The other option was a full invasion of the Japanese mainland. Six months earlier, US troops set foot on Japanese soil on the island of Iwo Jima. It is a small volcanic island only eight square miles in size, but to the Japanese it was sacred soil. It was Japanese soil. They defended that island with a ferocity never before seen. The fighting at Guadalcanal, Tarawa and Wake was fierce, but nothing like what the American marines faced at Iwo Jima. It took over one month of naval bombardment, air strikes and constant pushing by America's finest amphibious troops before Iwo Jima was wrestled from Japanese hands. Of the 22,000 Japanese defenders, 21,000 were killed. Only 216 were taken prisoner. In total, there were 27,000 allied casualties. All of this for 8 square miles of real estate. And Truman was faced with invading the Japanese mainland, all 88,000 square miles of it. Despite all of this, there are still arguments that Japan was on the brink of surrender and that Truman's decision was wrong.

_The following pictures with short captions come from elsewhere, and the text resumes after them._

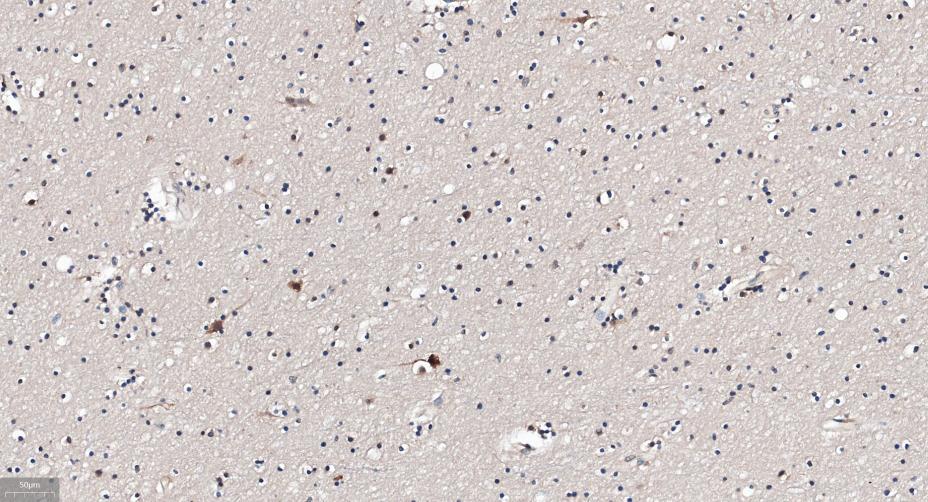 γ-氨基丁酸受体相关蛋白重组兔单抗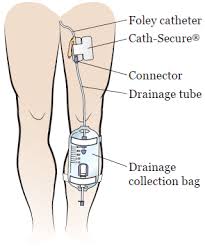 Caring For Your Urinary Foley Catheter Memorial Sloan Kettering Cancer Center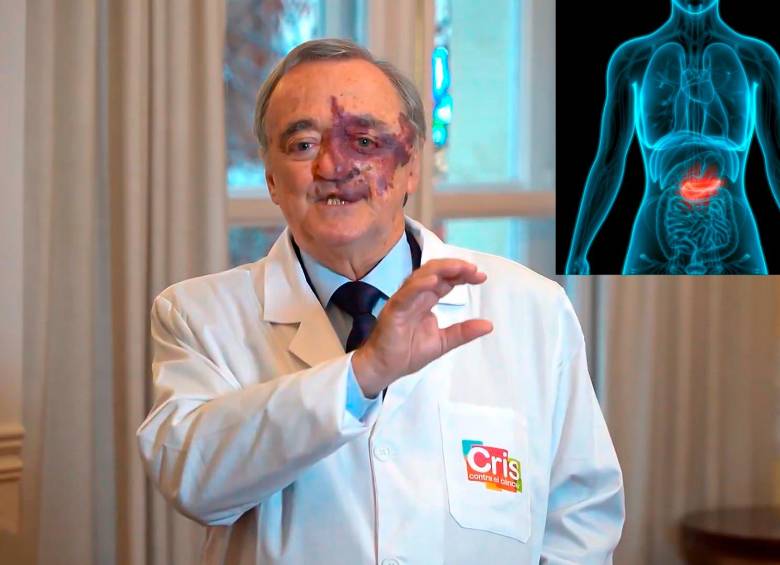 El estudio fue realizado por el Grupo de Oncología Experimental del Centro Nacional de Investigaciones Oncológicas (CNIO) de España. Foto captura de video y Depositphotos.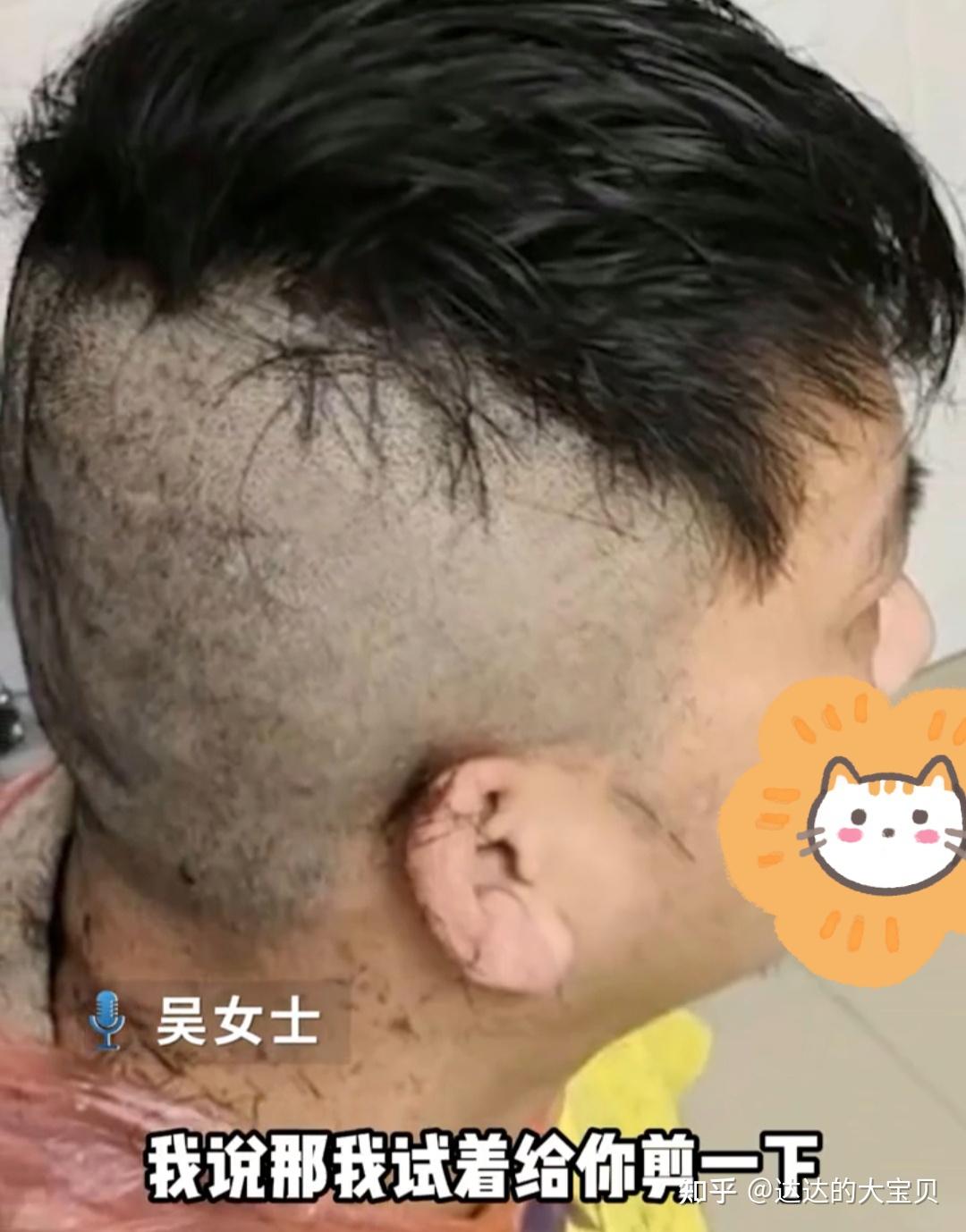 吴女士给丈夫剪了左边的头发,又赶紧修理他右边的头发,右边的头发修完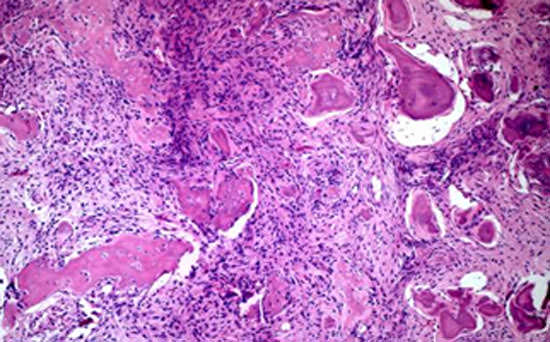 Figura 2 Aspectos histológico del espécimen. Verificar las gotas de cemento dispersas en un estroma de tejido celular fibroso (50x, H-E)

On August 6, the bomb was dropped on Hiroshima. Japan refused to surrender. Even after being hit with the most destructive device ever known in warfare, they were still prepared to carry on the fight. Was this an army on the verge of breaking? Only six months earlier they suffered over 95% casualties defending 8 square miles of Japanese soil. And still Truman is cursed for his decision.
Historians estimate allied casualties from a Japanese mainland invasion would have been over 1 million, while Japan would have suffered 3 times that many. With Iwo Jima as a comparison, is there any doubt about the accuracy of these numbers? Still, Truman is cursed.
Truman will always be hated and cursed, mainly by those who exploit the advantage they have of not knowing the historical outcome of the alternative decision that Truman never made. They can always say that Japan was on the brink of surrender. I am sure Truman considered this. I am sure he listened to those advisors who felt Japan was beaten. He also listened to those who experienced Iwo Jima, and estimated our losses in an invasion at over one million. He listened, and made the right decision.
Maybe Japan would have surrendered within a month. Maybe they would have dug in and carried the war on another 2 or 3 years. The question facing Truman was: Am I willing to wager one million American lives, and 3 million Japanese lives on their supposed willingness to surrender? The answer was obvious.
So, President Truman, wherever you are, this patriot tips his hat to you, a man of courage who did the right thing despite knowing the consequences. He chose the lesser of two evils, which is sometimes the only option available. Here's hoping that kind of courage can be found in today's leaders, and in the leaders of the future.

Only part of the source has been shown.